→ What you have to do:
Using the data beneath this instruction, retype only the lines from the one that contains "Dacia Logan I" down to the one that contains "Copriletto matrimoniale Bassetti floreale", both included, exactly as they appear.

→ Dataset content:
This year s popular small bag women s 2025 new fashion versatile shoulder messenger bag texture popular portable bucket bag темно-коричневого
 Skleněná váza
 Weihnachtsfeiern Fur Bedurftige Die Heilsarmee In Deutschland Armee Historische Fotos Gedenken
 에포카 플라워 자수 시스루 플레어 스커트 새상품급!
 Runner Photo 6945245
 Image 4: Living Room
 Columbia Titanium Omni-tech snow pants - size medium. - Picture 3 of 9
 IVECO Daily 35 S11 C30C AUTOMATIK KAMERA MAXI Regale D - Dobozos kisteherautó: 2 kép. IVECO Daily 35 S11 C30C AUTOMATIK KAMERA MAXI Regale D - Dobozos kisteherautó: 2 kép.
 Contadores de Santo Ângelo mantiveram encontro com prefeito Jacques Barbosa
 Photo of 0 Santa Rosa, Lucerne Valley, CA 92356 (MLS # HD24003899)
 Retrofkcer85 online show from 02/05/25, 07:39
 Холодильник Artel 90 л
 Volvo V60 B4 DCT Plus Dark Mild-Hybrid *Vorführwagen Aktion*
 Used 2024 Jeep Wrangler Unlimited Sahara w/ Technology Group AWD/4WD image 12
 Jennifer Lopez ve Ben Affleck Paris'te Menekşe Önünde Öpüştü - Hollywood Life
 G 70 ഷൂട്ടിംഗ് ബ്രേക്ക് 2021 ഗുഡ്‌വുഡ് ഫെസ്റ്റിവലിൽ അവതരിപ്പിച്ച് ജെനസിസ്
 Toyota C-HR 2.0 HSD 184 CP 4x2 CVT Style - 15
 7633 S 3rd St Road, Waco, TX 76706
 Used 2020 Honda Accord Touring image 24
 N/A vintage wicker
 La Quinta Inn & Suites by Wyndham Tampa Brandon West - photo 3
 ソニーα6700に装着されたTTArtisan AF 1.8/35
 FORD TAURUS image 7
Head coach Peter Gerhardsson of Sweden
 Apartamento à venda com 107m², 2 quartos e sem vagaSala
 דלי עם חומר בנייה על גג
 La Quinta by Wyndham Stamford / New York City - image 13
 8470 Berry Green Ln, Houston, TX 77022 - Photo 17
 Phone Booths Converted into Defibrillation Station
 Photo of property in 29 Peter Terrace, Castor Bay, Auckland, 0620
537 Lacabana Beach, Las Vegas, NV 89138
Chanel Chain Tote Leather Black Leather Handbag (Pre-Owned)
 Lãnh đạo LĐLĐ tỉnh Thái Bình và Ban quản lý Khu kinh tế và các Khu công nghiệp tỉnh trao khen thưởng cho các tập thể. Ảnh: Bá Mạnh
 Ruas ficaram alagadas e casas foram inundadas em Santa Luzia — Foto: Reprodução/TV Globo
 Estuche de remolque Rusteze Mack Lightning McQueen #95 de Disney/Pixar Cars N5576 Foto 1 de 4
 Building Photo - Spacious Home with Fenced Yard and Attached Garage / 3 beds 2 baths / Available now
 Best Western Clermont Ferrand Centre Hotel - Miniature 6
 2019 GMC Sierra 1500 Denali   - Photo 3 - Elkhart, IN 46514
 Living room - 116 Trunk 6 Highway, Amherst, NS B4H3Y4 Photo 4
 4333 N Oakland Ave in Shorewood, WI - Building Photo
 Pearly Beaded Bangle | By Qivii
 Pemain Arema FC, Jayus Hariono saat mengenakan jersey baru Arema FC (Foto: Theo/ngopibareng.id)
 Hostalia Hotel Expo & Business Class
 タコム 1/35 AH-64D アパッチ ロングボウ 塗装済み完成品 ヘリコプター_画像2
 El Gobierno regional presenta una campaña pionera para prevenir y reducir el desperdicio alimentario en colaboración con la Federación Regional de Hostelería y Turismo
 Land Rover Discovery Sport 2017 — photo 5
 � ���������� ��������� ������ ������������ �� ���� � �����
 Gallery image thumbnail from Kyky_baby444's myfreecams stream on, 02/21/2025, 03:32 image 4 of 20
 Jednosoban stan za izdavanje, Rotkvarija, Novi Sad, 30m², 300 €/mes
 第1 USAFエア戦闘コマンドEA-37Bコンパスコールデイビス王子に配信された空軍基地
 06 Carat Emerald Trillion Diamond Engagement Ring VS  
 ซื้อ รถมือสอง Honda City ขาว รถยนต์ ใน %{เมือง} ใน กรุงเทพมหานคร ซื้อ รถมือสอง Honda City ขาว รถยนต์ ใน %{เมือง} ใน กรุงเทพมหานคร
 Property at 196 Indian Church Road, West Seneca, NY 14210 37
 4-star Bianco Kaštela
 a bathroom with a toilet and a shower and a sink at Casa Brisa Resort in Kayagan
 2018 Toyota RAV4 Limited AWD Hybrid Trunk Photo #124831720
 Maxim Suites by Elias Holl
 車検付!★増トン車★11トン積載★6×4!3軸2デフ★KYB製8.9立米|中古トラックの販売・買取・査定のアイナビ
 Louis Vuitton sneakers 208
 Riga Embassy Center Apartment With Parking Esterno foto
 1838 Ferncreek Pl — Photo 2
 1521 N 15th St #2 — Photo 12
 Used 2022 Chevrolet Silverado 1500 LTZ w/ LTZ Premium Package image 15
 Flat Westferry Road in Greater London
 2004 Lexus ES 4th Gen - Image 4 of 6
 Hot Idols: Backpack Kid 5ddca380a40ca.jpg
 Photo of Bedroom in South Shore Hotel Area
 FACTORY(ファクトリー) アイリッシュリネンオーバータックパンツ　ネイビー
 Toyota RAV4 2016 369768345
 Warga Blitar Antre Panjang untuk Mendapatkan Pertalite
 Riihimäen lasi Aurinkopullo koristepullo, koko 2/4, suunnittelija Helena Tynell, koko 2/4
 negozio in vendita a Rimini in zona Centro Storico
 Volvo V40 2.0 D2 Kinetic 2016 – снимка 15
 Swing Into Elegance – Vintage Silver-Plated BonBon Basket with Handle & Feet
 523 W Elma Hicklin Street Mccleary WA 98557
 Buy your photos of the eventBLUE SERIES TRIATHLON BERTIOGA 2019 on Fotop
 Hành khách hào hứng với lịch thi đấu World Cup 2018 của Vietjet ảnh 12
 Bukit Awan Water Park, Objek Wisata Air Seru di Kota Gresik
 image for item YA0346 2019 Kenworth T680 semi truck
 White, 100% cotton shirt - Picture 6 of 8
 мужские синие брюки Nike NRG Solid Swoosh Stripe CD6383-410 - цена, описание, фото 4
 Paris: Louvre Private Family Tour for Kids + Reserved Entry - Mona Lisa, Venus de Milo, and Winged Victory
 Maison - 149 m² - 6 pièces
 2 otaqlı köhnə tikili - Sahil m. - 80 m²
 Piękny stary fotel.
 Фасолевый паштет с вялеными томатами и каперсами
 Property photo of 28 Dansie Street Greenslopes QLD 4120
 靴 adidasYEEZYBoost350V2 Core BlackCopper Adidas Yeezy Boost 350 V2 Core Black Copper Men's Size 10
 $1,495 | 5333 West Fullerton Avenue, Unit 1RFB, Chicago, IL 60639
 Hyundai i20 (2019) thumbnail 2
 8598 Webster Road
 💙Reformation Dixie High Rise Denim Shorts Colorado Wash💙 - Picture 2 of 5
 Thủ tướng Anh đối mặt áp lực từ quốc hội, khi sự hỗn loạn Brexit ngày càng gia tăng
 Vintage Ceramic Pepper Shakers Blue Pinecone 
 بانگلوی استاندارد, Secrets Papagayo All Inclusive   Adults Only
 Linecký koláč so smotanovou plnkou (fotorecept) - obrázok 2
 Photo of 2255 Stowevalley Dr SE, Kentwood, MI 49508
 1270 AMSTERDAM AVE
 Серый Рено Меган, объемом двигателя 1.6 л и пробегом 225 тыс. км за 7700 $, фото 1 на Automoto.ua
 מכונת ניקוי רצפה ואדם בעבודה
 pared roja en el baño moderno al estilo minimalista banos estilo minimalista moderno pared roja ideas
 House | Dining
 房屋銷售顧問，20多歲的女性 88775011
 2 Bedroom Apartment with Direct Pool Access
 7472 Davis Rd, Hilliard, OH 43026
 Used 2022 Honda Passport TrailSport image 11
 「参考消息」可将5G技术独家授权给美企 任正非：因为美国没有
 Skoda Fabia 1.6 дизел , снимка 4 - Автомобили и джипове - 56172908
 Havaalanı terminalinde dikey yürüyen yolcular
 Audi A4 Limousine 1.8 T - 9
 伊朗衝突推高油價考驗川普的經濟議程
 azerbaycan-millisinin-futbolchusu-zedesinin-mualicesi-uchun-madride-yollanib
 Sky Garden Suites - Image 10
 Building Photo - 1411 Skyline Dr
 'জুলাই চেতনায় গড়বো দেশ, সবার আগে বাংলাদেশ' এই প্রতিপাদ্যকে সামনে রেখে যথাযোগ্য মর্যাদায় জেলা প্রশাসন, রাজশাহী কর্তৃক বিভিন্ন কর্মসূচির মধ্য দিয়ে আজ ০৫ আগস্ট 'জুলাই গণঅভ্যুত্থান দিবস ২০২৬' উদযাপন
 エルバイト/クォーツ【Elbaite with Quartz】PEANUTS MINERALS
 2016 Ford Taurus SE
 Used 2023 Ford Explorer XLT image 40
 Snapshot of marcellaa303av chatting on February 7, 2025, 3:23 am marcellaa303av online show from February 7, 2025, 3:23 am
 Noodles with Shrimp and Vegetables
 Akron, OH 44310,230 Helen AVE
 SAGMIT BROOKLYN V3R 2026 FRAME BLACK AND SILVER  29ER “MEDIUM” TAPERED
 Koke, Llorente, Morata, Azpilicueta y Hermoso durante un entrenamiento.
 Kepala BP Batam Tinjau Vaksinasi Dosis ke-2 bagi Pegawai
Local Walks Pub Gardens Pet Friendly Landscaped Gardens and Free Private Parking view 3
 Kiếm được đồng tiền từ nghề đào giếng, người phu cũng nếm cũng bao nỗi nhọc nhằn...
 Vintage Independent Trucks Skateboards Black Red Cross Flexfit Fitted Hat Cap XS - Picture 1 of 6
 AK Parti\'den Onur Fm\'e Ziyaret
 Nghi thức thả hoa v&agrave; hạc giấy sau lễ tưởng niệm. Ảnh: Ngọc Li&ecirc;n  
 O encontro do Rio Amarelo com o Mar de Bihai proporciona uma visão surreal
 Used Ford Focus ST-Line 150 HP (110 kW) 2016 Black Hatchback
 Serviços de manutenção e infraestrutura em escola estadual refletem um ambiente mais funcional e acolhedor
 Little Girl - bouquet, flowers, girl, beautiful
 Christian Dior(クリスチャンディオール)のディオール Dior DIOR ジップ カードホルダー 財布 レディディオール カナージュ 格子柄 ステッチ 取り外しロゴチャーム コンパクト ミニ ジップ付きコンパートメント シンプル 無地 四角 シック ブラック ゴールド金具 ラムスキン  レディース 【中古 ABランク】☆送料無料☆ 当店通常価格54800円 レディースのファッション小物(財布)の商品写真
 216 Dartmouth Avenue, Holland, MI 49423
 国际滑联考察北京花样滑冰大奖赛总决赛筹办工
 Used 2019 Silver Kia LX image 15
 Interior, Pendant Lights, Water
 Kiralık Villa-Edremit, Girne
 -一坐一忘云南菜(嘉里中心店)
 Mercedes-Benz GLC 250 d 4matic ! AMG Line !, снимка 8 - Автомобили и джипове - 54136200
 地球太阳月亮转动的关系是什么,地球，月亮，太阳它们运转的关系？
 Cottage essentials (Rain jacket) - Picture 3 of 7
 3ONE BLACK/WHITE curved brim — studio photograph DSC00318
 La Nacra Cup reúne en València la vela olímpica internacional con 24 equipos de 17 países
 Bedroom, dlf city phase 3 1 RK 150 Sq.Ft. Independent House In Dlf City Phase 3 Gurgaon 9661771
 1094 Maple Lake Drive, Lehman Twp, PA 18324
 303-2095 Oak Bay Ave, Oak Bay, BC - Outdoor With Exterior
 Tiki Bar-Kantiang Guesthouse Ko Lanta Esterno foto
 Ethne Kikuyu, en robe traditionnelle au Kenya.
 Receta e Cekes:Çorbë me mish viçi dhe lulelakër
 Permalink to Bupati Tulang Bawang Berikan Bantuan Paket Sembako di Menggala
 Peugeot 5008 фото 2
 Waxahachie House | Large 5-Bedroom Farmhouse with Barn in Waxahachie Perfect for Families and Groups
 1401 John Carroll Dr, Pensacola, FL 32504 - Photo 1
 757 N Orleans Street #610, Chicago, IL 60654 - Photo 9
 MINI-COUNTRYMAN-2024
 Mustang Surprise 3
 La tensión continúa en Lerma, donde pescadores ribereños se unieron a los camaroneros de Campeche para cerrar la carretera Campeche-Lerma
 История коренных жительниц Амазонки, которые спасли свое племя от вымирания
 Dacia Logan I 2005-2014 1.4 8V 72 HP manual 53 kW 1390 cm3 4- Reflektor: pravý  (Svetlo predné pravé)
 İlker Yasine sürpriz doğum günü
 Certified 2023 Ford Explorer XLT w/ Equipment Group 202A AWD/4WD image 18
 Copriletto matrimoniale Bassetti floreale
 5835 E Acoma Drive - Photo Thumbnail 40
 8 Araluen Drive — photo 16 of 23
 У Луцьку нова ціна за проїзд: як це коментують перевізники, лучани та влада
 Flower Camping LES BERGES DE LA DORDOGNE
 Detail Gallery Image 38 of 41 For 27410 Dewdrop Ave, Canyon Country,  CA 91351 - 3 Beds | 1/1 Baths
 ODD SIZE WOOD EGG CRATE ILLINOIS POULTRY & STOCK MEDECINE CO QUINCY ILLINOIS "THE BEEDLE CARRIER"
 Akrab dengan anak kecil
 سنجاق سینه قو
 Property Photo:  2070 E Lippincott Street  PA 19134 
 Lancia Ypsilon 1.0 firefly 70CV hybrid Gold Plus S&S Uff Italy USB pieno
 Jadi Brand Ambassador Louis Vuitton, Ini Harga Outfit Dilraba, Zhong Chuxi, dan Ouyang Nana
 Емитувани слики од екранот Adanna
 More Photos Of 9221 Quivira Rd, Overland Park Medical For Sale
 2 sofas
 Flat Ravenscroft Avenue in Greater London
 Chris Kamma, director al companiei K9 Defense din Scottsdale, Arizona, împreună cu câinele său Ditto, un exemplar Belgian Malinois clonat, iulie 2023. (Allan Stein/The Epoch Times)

→ Task response:
 Dacia Logan I 2005-2014 1.4 8V 72 HP manual 53 kW 1390 cm3 4- Reflektor: pravý  (Svetlo predné pravé)
 İlker Yasine sürpriz doğum günü
 Certified 2023 Ford Explorer XLT w/ Equipment Group 202A AWD/4WD image 18
 Copriletto matrimoniale Bassetti floreale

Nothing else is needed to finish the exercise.